#### What you have to do
Repeat exactly the lines of the material below that run from the "Tribesigns 47'' Rotating" line to the "Фломастер - пензлик" line, including both, and do not carry over any pictures.

== Data shown

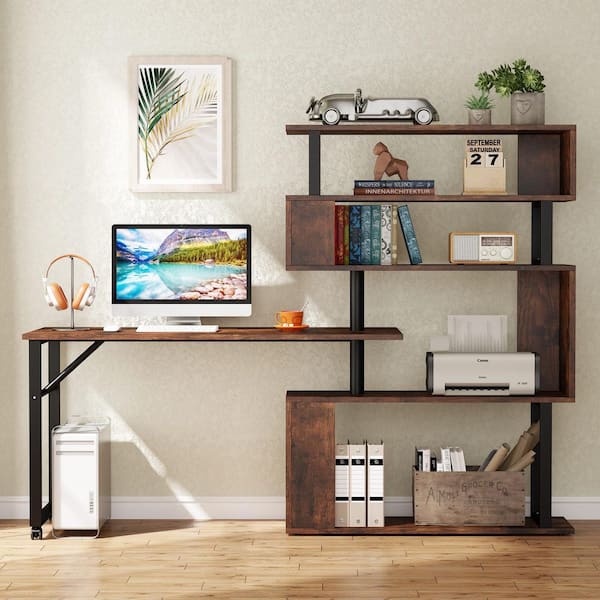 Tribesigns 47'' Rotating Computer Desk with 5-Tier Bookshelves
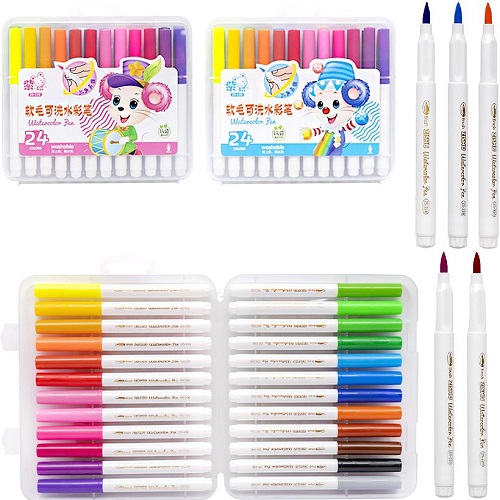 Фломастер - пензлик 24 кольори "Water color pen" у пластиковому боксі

====
== Data shown

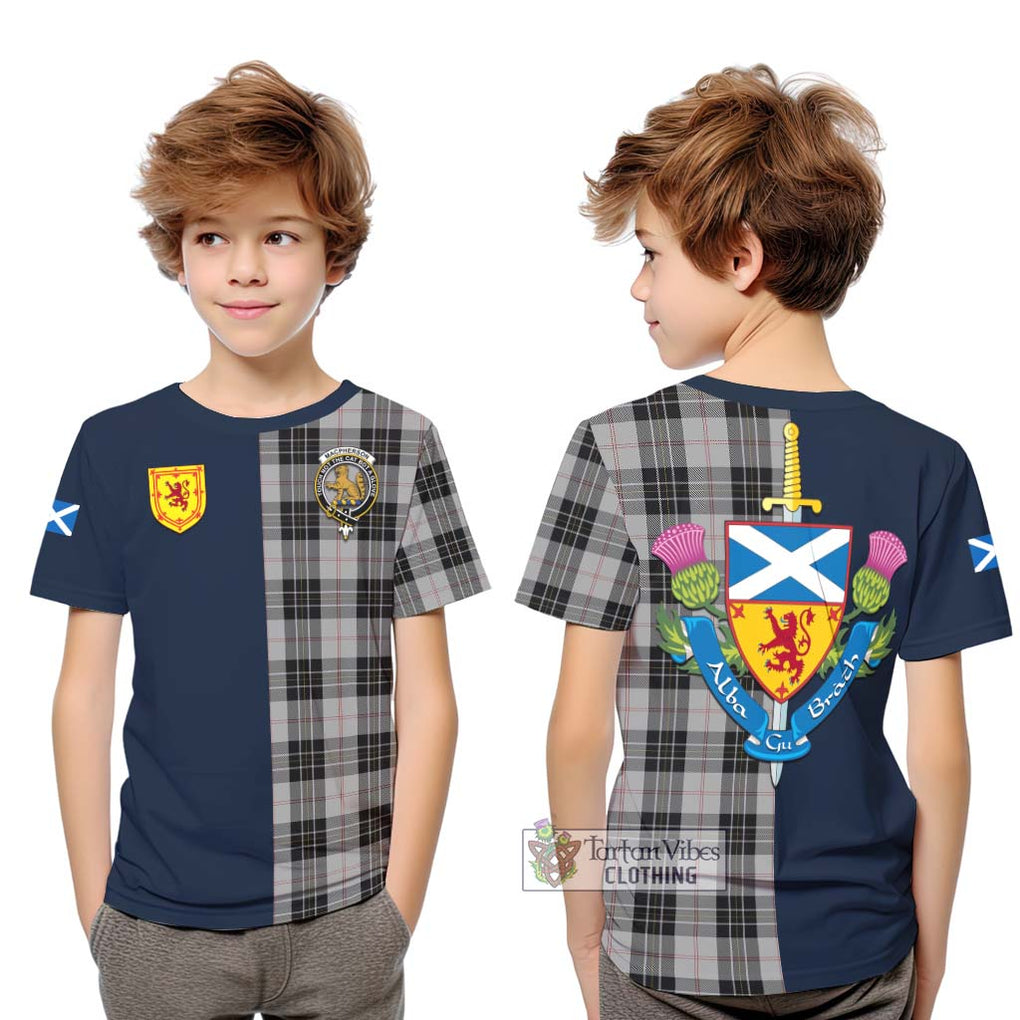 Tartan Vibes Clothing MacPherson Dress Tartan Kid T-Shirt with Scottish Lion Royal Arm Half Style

====

#### Expected output
 Tribesigns 47'' Rotating Computer Desk with 5-Tier Bookshelves
 Фломастер - пензлик 24 кольори "Water color pen" у пластиковому боксі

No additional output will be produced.